=== Work request ===
A full, word-for-word copy of the listing below is needed; leave the images out of it.

=== Data for the task ===
[Start of section]

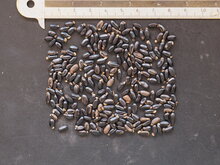 Mudgee-Akazie (Acacia spectabilis)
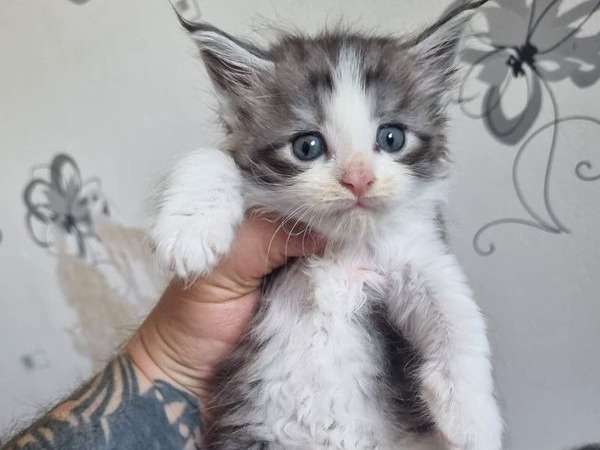 5 chatons Maine Coon LOOF nés en 2022 à adopter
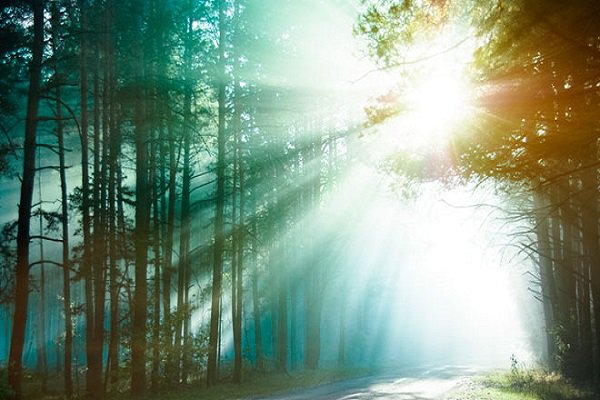 Photo: http://pemptousia.com/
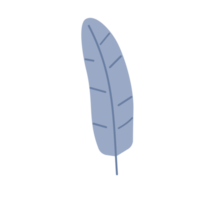 Banana leaf in trendy illustration design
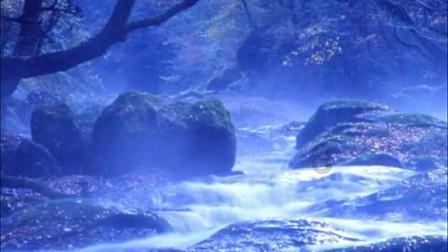 尿液中隐藏着健康信息!若你的尿液出现这5个异常,需及时就医!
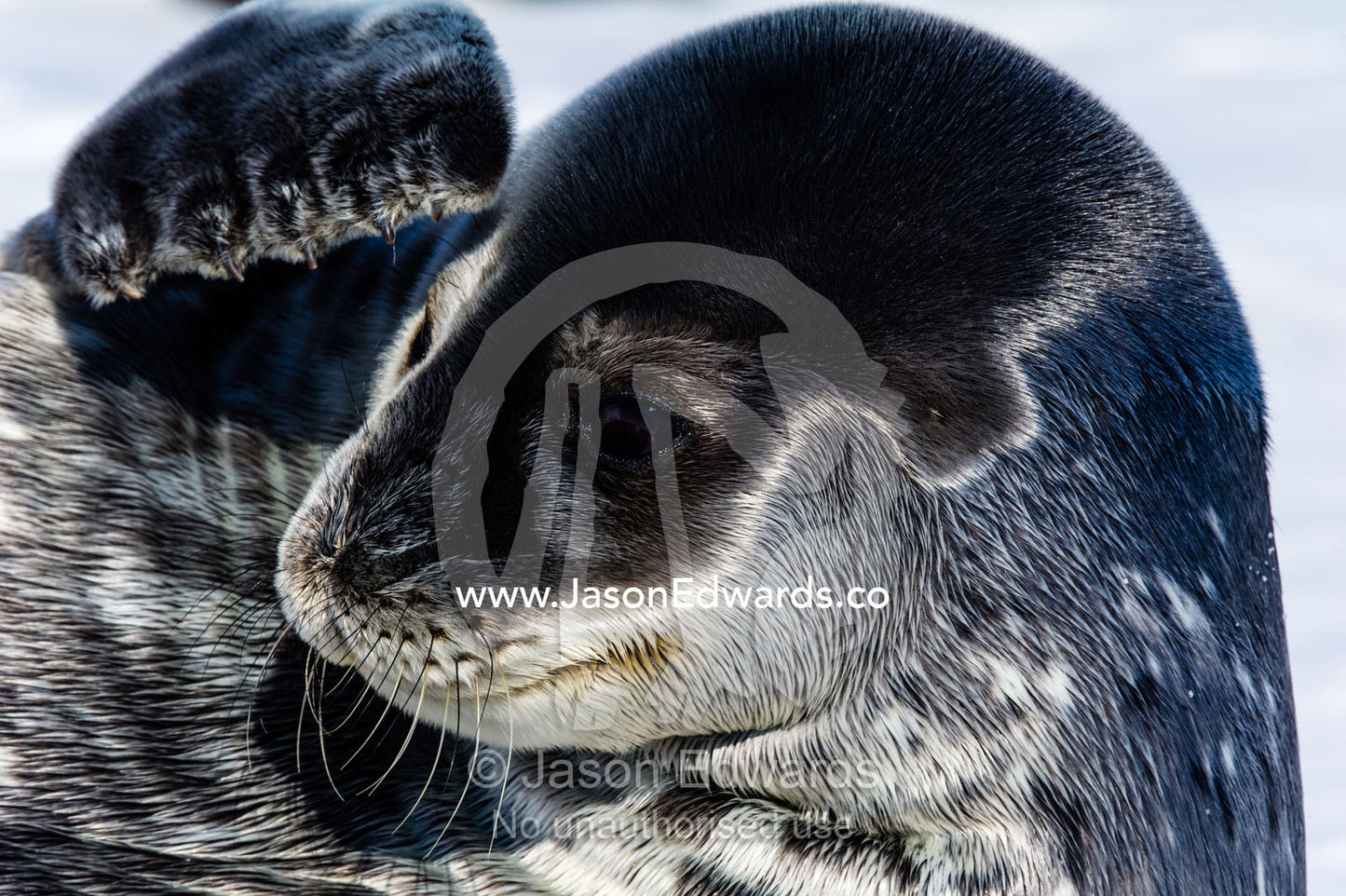 A Weddell Seal pup rubbing it's face with a flipper and claws whilst sun basking on the sea ice. Hutton Cliffs, Erebus Bay, McMurdo Sound, Ross Island, Antarctica.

[End of section]

=== Result of this task ===
 Mudgee-Akazie (Acacia spectabilis)
 5 chatons Maine Coon LOOF nés en 2022 à adopter
 Photo: http://pemptousia.com/
 Banana leaf in trendy illustration design
 尿液中隐藏着健康信息!若你的尿液出现这5个异常,需及时就医!
 A Weddell Seal pup rubbing it's face with a flipper and claws whilst sun basking on the sea ice. Hutton Cliffs, Erebus Bay, McMurdo Sound, Ross Island, Antarctica.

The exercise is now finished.